I wanted to tell her to listen to her mama when she is
talking about things that seem silly or inappropriate or things that she
doesn’t think really matter. Wander down
all the aisles and comment on how high prices are today. Smell every candle. Open every tube of
lipstick. Pick up every shirt and comment
on how styles have changed. Look at her. Hear her.
Every. Single. Word. Matters.
I would have told her that those Saturday mornings shopping
with her mama would become some of the best memories she will ever have.
I want her to know that someday her heart will break into a
million shards – and it will feel like she is walking around with all the extraordinarily
heavy pieces piled onto her thin shoulders. The grief will be too heavy to bear.
There will be days she will feel like a ghost of herself,
not quite present but visible. Half of a whole.
The part left behind.
She will someday pull into that Walmart parking lot and
remember the days she didn’t have the time or energy to spend just being with her
mom. When one look at a tube of Revlon
Red lipstick will break her heart and the smell of the candle aisle will take
her breath away.
She needs to know that the big memories – holidays,
celebrations, family events - these are not the ones that will crush your chest
and stop your breath. It’s the small memories of everyday life with your mama
that will sneak up on you and punch holes in your soul. The belly aching laughter.

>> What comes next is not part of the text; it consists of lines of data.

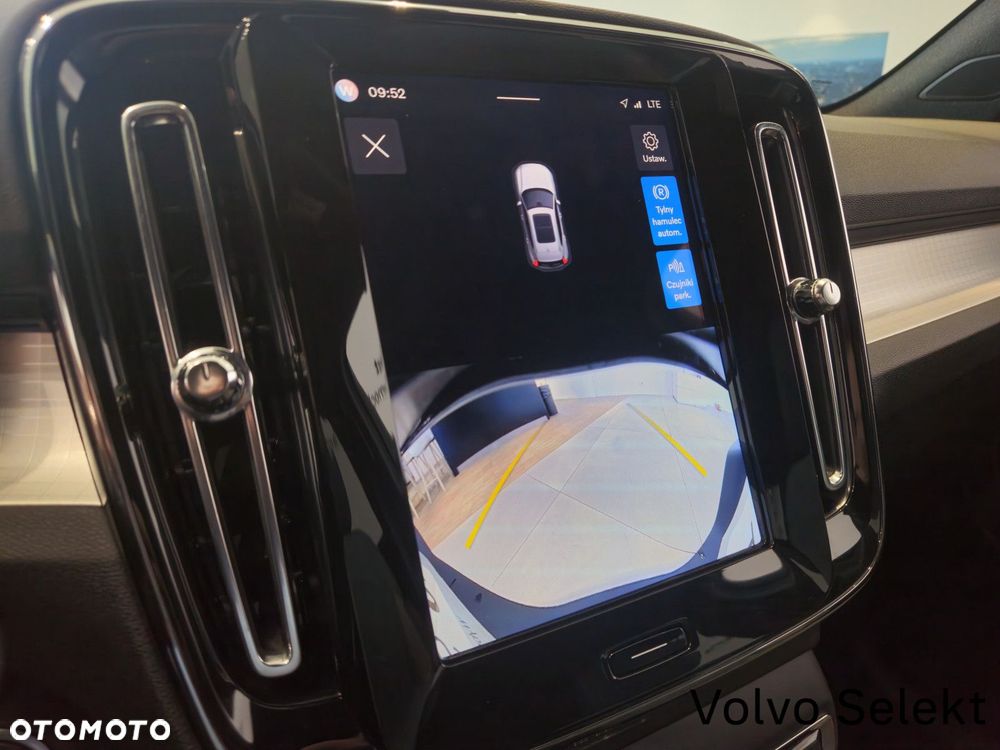 Volvo XC 40 - 31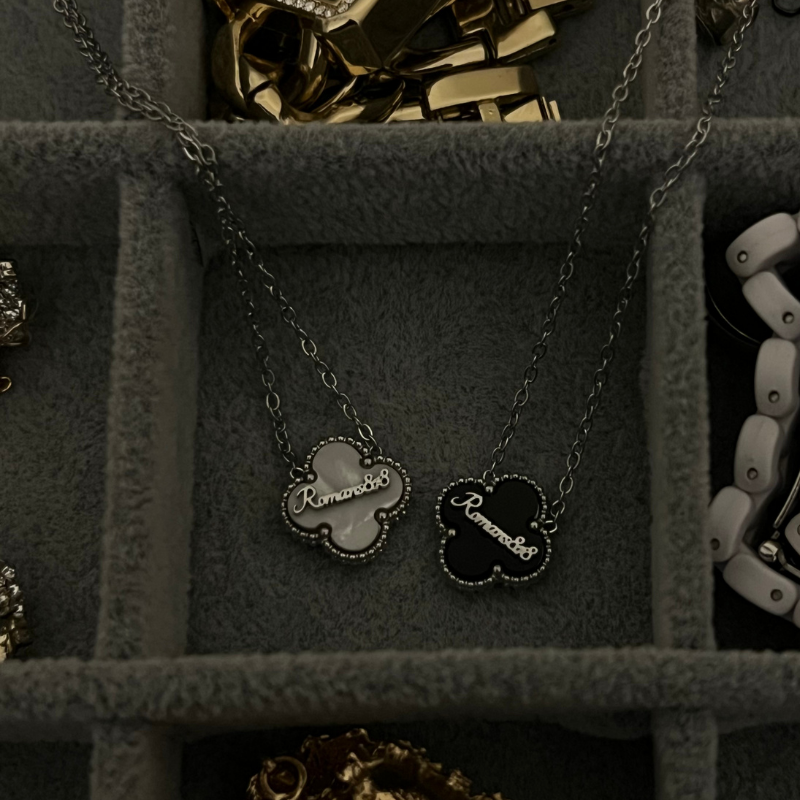 Bible Versed Clover Necklaces (Silver)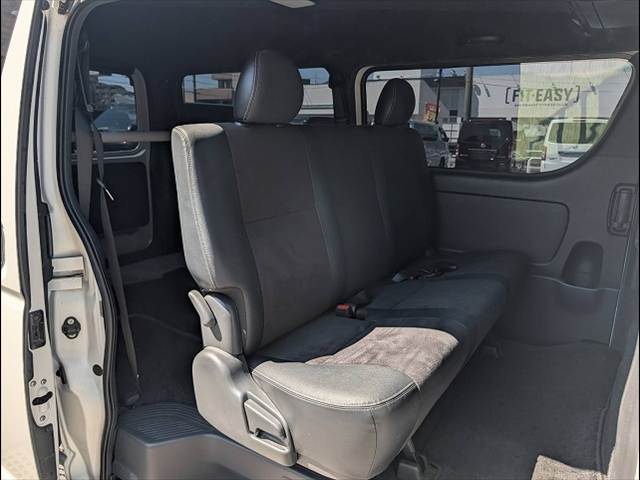 トヨタ ハイエースバンロングボディの画像12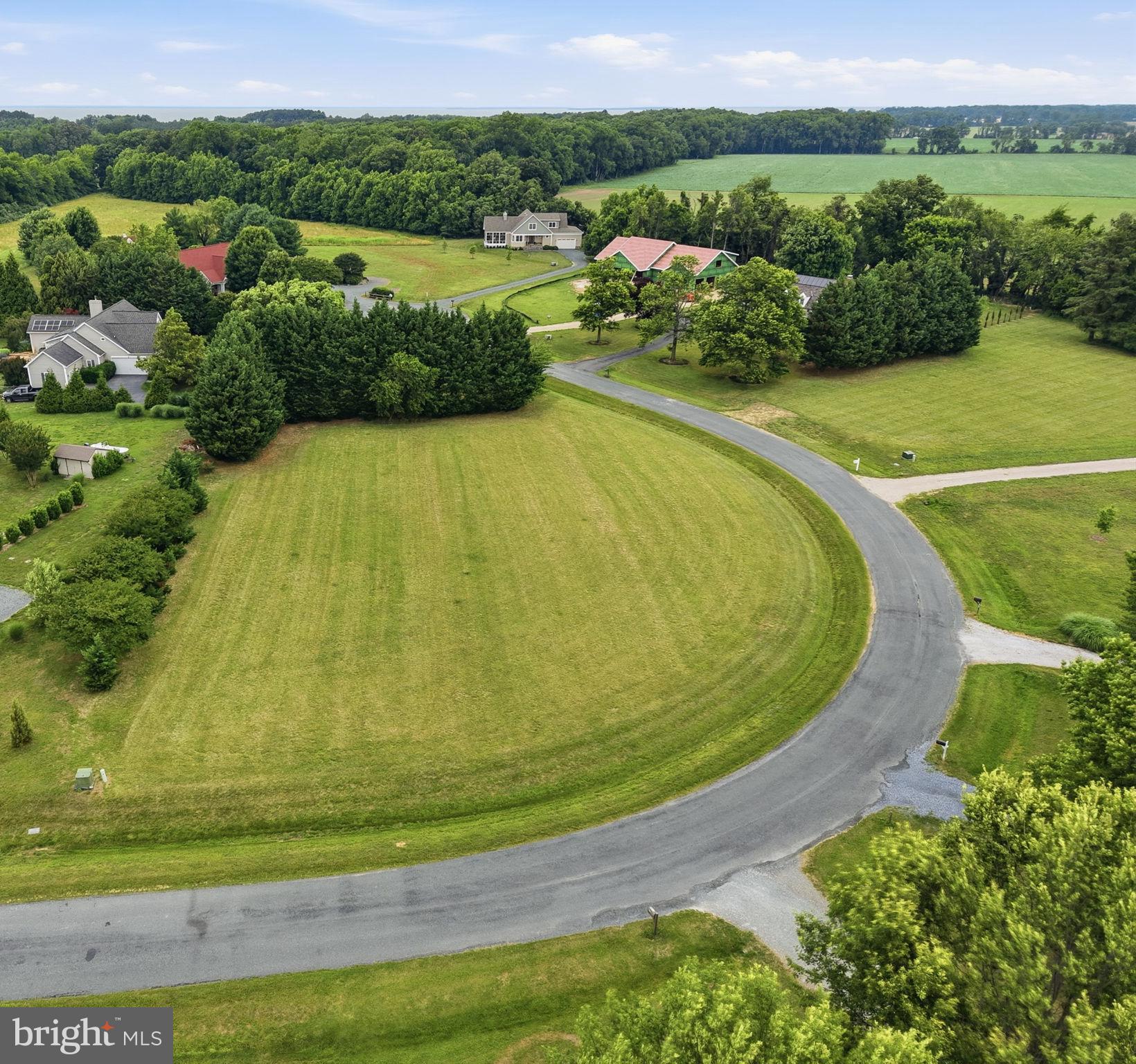 LITTLE NECK FARM - Land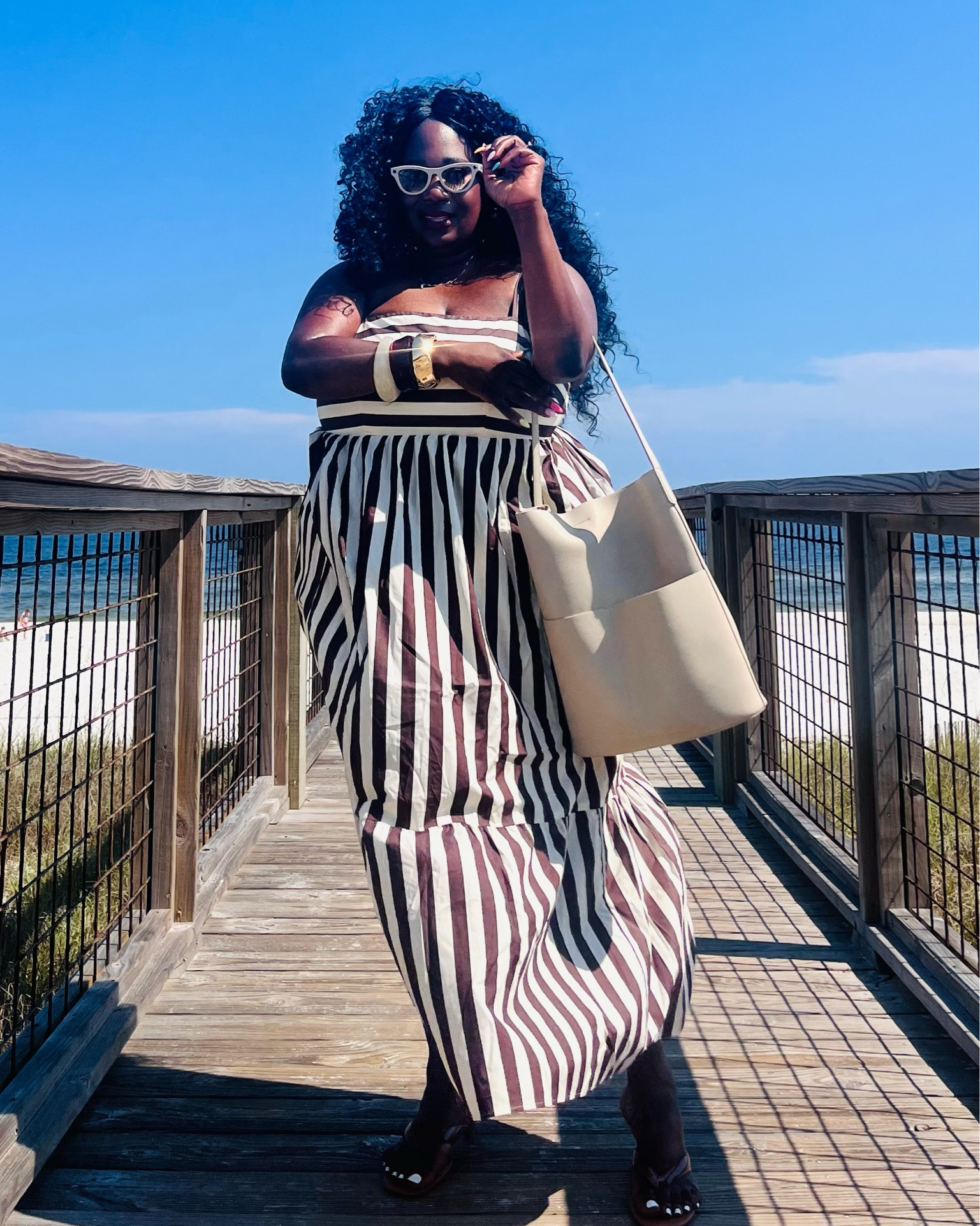 @OAK + FORT #ad #sponsored

LOVING my new Oak + Fort City tote! This oatmeal color is the same color as our beautiful white sand beaches 🏝️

The shared secrets. The friendship that survives long after the mother/daughter
emotional dynamics of our youth subside.
She will look at pictures of herself BEFORE and see a
different person. One that she will never be again. The one without her mama.
Nothing will ever be as funny, exciting, sad, or right.
Everything will be BEFORE and AFTER.
Your mama, I wanted to tell her, is the only person that you
have spent your whole life plus 9 months with. She is the only person who knows
you better than you know yourself – and loves you anyway.
Loving your mama is both breathtaking and devastating. A
mother-daughter relationship is beautiful and complicated; difficult and
seamless; frustrating and confirming. The hardest best love of your life.
Losing her changes you. Profoundly.
Even though she is gone, your heart will continue to search
for her. In crowds, in old pictures, in her thousands of keepsakes, cards and
letters. Eventually you will find her mama again, in the laughter of your
children, in family traditions, in your own reflection. In your words, your
mannerisms. In your soul.
This lady really needs to know that losing your mama will
change her life in so many gut-wrenching ways; yet, in this deep well of grief
and sorrow she will find who she was always meant to be.
Her mama’s daughter.
If I could go back, I would grab the young lady’s arm, pull
her close and whisper to her, “You don’t know yet, but someday you will
understand that you will never have a relationship with anyone in this world
like the one you have with your mama. Cherish
every single second.”
I wish I had known.
Instead, I go back to my car forgetting what I came for and
I cry. Cry for her and for me.
Big hot heavy tears fall from sorrowful brown eyes on yet
another Saturday morning and then I go home.
I am my mother’s daughter.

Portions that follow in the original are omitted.